Summary
- The retailer axed 486 workers in November 2019 while 97 others quit months earlier, documents filed in court reveal.
- Choppies last year announced plan to sell more than half of its 15 stores amid struggles to grow market share in the increasingly competitive retail market.
- The sale plan comes four years after the Botswana retailer acquired Ukwala stores for Sh1 billion as a launch pad for its East Africa entry.
Choppies Supermarket has fired 583 workers in recent months as
the retail chain struggled to survive strained cash flows and heightened
competition for Kenya’s shopping basket.
The retailer axed 486 workers in November 2019 while 97 others quit months earlier, documents filed in court reveal.
The
court documents followed a dispute between Choppies and Kenya Union of
Commercial Food and Allied Workers over fears the retailers would quit
Kenya without settling dues of the laid off staff.
“486
employees were declared redundant by a notice dated November 15,
2019…51 employees were declared redundant at Nanyuki by notice dated
October 31, 2019 while 46 employees exited employment for other reasons
other than redundancy,” documents say.
The workers who
left Choppies accounted for 72 percent of the retailer's 799 unionisable
workers, reflecting the troubles of the supermarket chain.
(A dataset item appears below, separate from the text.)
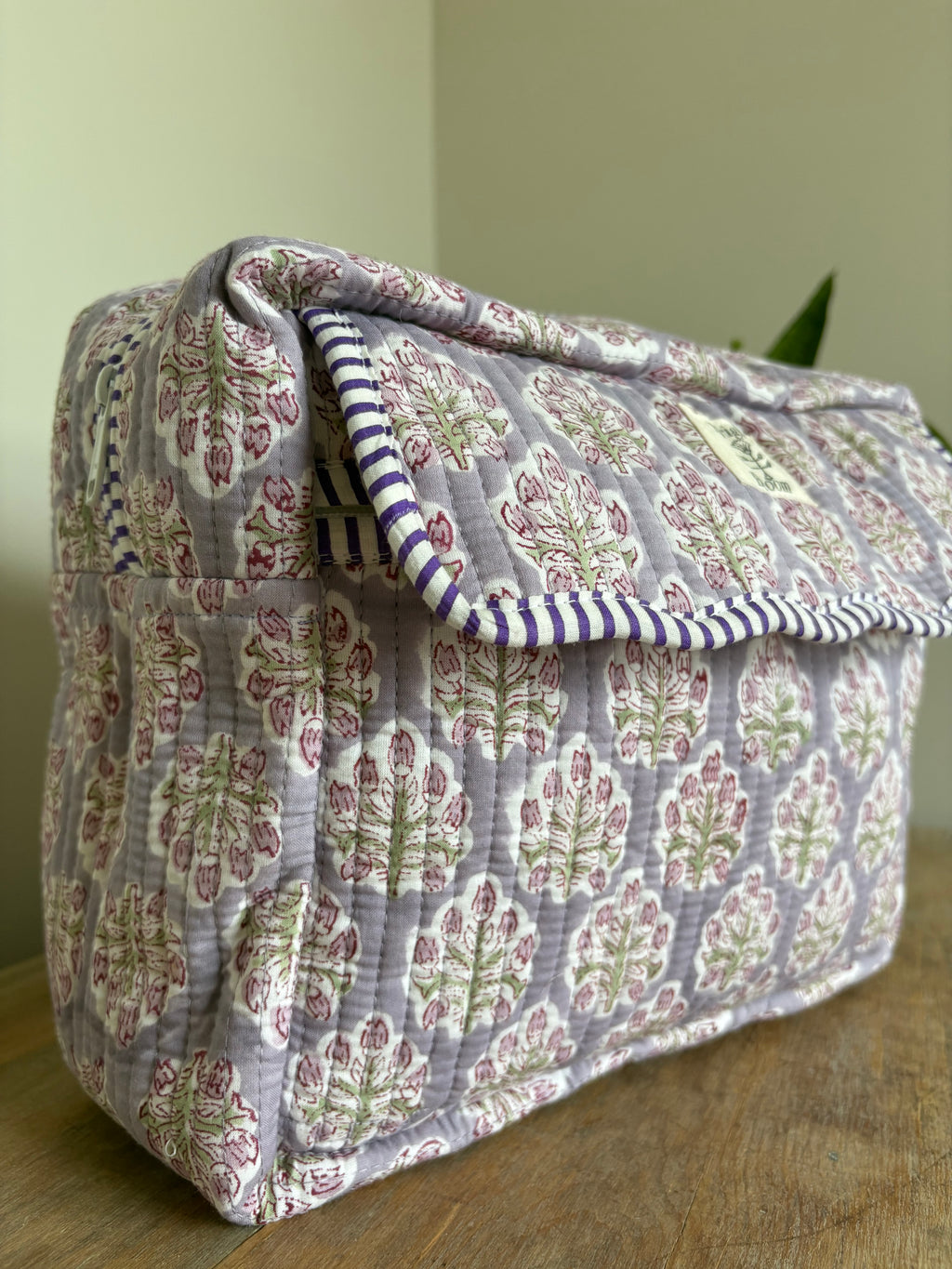 Scallop Wash Bag - Violet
Choppies last year announced plan to sell more than half of its
15 stores amid struggles to grow market share in the increasingly
competitive retail market.
The sale plan comes four
years after the Botswana retailer acquired Ukwala stores for Sh1 billion
as a launch pad for its East Africa entry. It has shut a number of
stores as the retailer experienced stock outs amid rising operation
costs.
Botswana retailer Choppies, which owns 75 percent of the Kenyan unit, has written off Sh1.6 billion from the local subsidiary.
The
Johannesburg listed retailer informed investors that its inability to
access loans led to stock outs in the Kenya operations, which posted a
loss of Sh248.7 million in the delayed 2018 results. The Botswana-based
retailer, which operates more than 130 stores in its home market, South
Africa and Zimbabwe, bought a 75 percent stake in Ukwala Supermarkets
for Sh1 billion with the remaining shares held by local
shareholders—Export Trading Group (ETG).
ETG recently
offered the Kenyan unit of Choppies a Sh400 million shareholders’ loans
in a bailout aimed to settle a supplier debts that had restricted fresh
stocks.
The local shareholders also guaranteed a Sh250
overdraft from I&M Bank Limited in debt deals that will see it
acquire additional stake in Choppies Kenya if the loans are not settled.
Recently,
Choppies has been relying on loans including a Sh300 million facility
from Barclays Bank of Kenya to steady its Kenyan operations, the parent
company says in the earnings report.
Southern African retailers have been performing poorly in the rest of Africa forcing them to retreat back home.